Plus the obvious options for:

space optimization	/Os
speed optimization	/Oa /Og

Many people doesn't use the first optimization, /QIfist, mainly because it's not documented very well. If not used, the C compiler will insert a function call to _ftol() each time the C code makes a conversion from floating point to integer. That function is responsible for ensuring the correct conversion as defined by the IEEE floating point standard. That is not only a slow process, but also makes your code dependant on the libc. So many people creates his own _ftol() function. Actually, Paradise was using that approach. But later we discovered that with this compiling option, the function call is not generated at all. Thus, code is saved, and more importantly, speed is gained. This is a very nice trick, specially for those 4k intros made in C/C++.

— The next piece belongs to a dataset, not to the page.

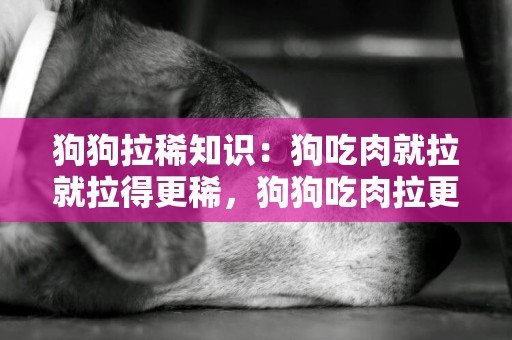 狗狗拉稀知識：狗吃肉就拉就拉得更稀，狗狗吃肉拉更稀的便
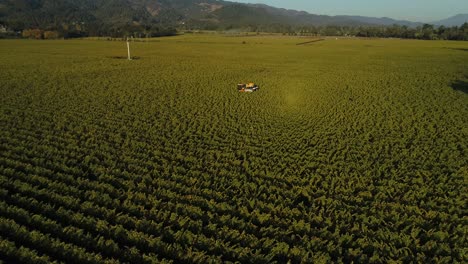 Betreten-Der-Traubenreben-Des-Napa-Tals,-Um-Dem-Rebentrimmertraktor-Des-Weinbergs-Zu-Folgen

Second non obvious optimization, is to change the default call convention (__cdecl) so that parameters are not passed to the functions thru the stack, but thru registers when possible. This, again, makes the code faster, and more importantly, smaller. In 195/95/256, we saved up to 2 kilobytes with this trick.

Third optimization. If a programm is well design, there is no need exception handling. Yes. Exception handling is just a workarround for people that incorrectly uses C++ and allocates resources in class constructors (allocations should be done in create() methods, and leave the constructors for their original purpose - initialize class members). So, we discard the exception handling, and let's use correctly defined interfaces to track the possible execution errors.

The fourth option, use of instrincts, allows the compiler to insert a cpu instruction in the code when possible. If not used, a call to sqrtf() in the C code will generate a call, while with this option the assembly instruction is generated instead. This way, we save writing ourselfs (in assembler) all these functions: sinf(), cosf(), fabsf(), memset(), memcpy() and many others. Still, a few functions -as fmodf()- will have to be done by hand.

Again, if the code is deterministic and well design, no stack checks are needed. So use the /Gs option to skip unnecesary code.

The rest are normal compiler optimizations. But, there is something you can still do in the C code to reduce the code size: use always the f subscript for the floating point constants, otherwise a double will be stored in the executable, and a innecesary conversion will occur. As the size of a double is two times the size of a float, lot of space can be wasted if not carrefully adding the f to all the constants. Normally, if you follow the rule, you should be able to parse all the assembly listing code and find zero QWORDs in the code.

The remaining tricks to keep the executable small are just related to the way programming is done, algorithms are design, code is reutilzed and data-layout. But please, never discard checking for errors as a way to reduce the size of your code, at least not in a 64 kb unless you are really in the limit (say, 200 bytes away from the 64kb limit, and dead-line in ten minutes).